Keine Frage: Baumeister ist nicht weniger Humanist als Lehmann. Aber hinter Baumeisters Ideen steht ein anderes Weltbild – eine extrem dynamische, abenteuerlustige, im Grunde auch optimistische Interpretation des Daseins. In der permanenten Fort-Entwicklung – weg vom Bestehenden – liegt die Zukunft. Das Neue ist das Gute. Und die Künstler sind die Avantgarde, die immer neue Aspekte des Lebens zutage fördern.
 
Das kann Lehmann ganz und gar nicht unterstreichen: Sein Schlüsselbegriff lautet "Wiederherstellung" – einer harmonischen, ganzheitlichen Welt, die der Mensch gerade durch das Streben nach "dem Unbekannten" verloren hat.
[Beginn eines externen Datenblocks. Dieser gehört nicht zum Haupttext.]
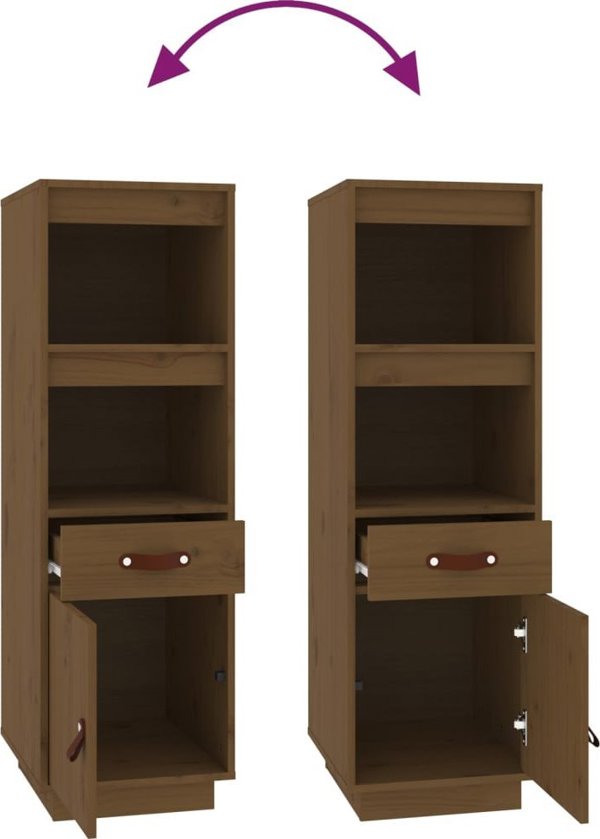 vidaXL Regal, μελί καφέ, 34x40x108,5 cm από μασίφ πεύκο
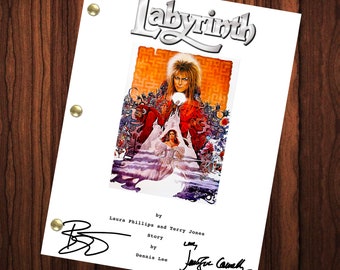 Labyrinth Movie Signed Autographed Script Full Screenplay Full Script Reprint David Bowie Jennifer Connelly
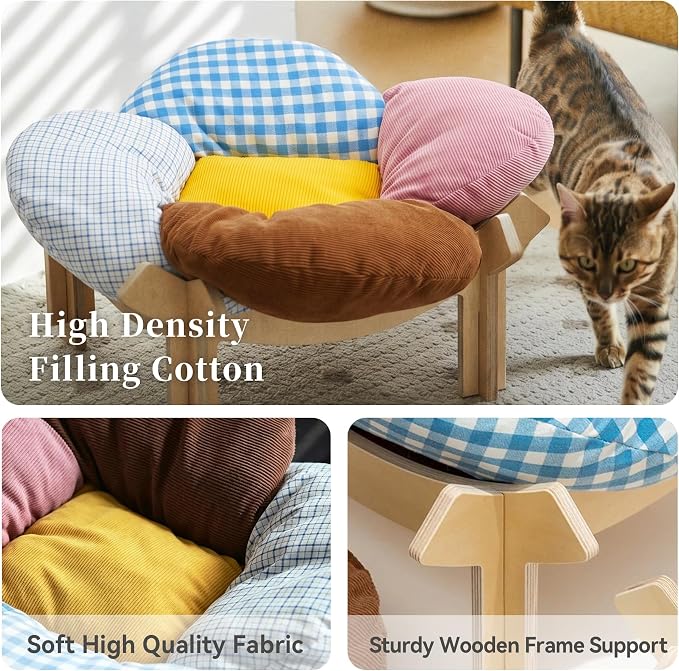 PACHIRA Elevated Cat Bed Wooden, Cat Couch Fluffy, Cat Sofa Flower for Indoor Cats, Raised Cat Bed with Washable Fluffy Cushion and Birch Wood, Cat Chair for Kitty and Puppy, Cat Furniture (Colored) - Image 4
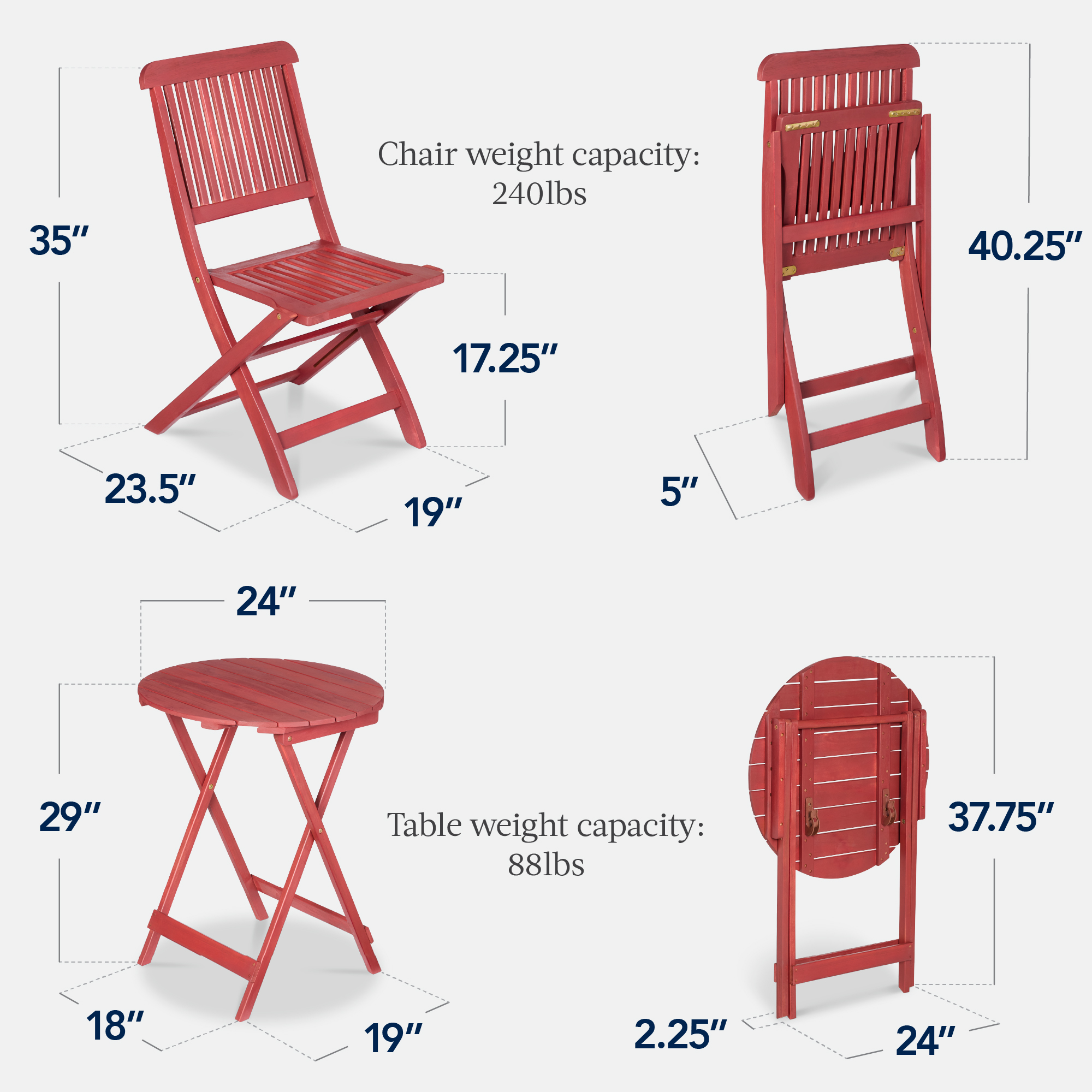 Best Choice Products 3-Piece Acacia Wood Bistro Set w/ Folding Table 2 Chairs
Um diese Wiederherstellung voranzutreiben, muss sich der Künstler jedoch auf die Welt einlassen und erkennen, was an der Tradition bewahrenswert ist. "Die Kunst ist dann", so zitiert Lehmann den Kunstphilosophen Leopold Ziegler, "nicht schlechtweg eine Art der Erkenntnis, sie ist vielmehr eines der Mittel, durch die sich der Mensch aus seiner vereinsamten Stellung zu erlösen ... sucht."